ARA: Cross-Layer approximate computing framework based reconfigurable architecture for CNNs
Introduction
Convolution Neural Networks(CNNs) are the most used and effective neural networks when processing visual classification related problems. For different issues, different scales of CNNs are innovated. LeCun proposed LeNet-5 [1] in 1998 to do the hand-writing number recognition with only two convolution layers while in 2012, AlexNet [2] is introduced with over 200 MB parameters and five convolution layers. Since then, the VGG-16 Net(552 MB, 13 convolution layers) [3], the GoogLeNet (50 MB, 22 layers) [4] and ResNet(18 × 152 layers) [5] by Microsoft are all inspired. With the network model becoming larger, the acceleration of CNNs is deeply researched.

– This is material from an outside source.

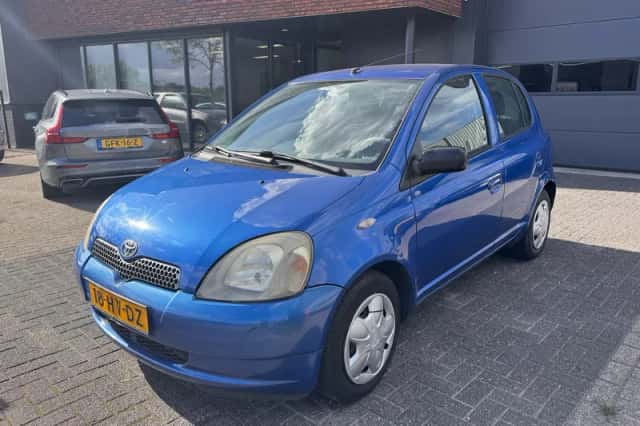 Toyota Yaris (2002) thumbnail 1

There are mainly four architectures of accelerators for CNN in recent years, including GPP (General Purpose Processor), FPGA (Field Programmable Gate Array), ASIC (Application Specific Integrated Circuit) and CGRA (Coarse-Grained Reconfigurable Architecture). In 2015, Yazdanbakhsh et al. [6] used GPUs to accelerate CNNs, but the power consumption is too high. In 2016, Huynh [7] proposed mobile GPU architecture DeepSense for deep learning. However, the low energy efficiency of GPUs remains a problem. Nakahara et al. [8] detected objects by mapping the Binarized Neural Networks(BNNs) onto FPGA in 2017. In the same year, Meloni et al. [9] put forward the NEURAghe architecture to map neural networks onto FPGAs with high efficiency. However, the low hardware resource utilization of FPGA influences the energy efficiency greatly. DianNao [10] is a 16-bit fix point ASIC for ANNs, which achieved over 110 times performance and 21 times better in energy efficiency than GPUs in 2014. ShiDianNao [11] is then proposed for vision applications and by reusing the weights in CNNs, the external memory access power is significantly reduced. However, for ASIC accelerators, the support for more types of CNNs is still in lack despite the high energy efficiency. Based on the reconfigurable features, CGRAs are proven suitable for many domain specific applications including deep learning. In 2017, Yin et al. proposed a serial of reconfigurable architectures as the Thinkers [[12], [13], [14]] for different neural networks. Fan et al. [15] used the Steam Dual-Track CGRA to accelerate CNNs. EIE [16] by Han et al. achieved high energy efficiency for compressed neural networks, which can support different scales of CNNs by reconfiguration. In the process-in-memory accelerators such as PRIME [17] by Xie et al., the datapath and arithmetic units are also reconfigurable. CGRAs are regarded as the balanced architecture between system flexibility and energy efficiency.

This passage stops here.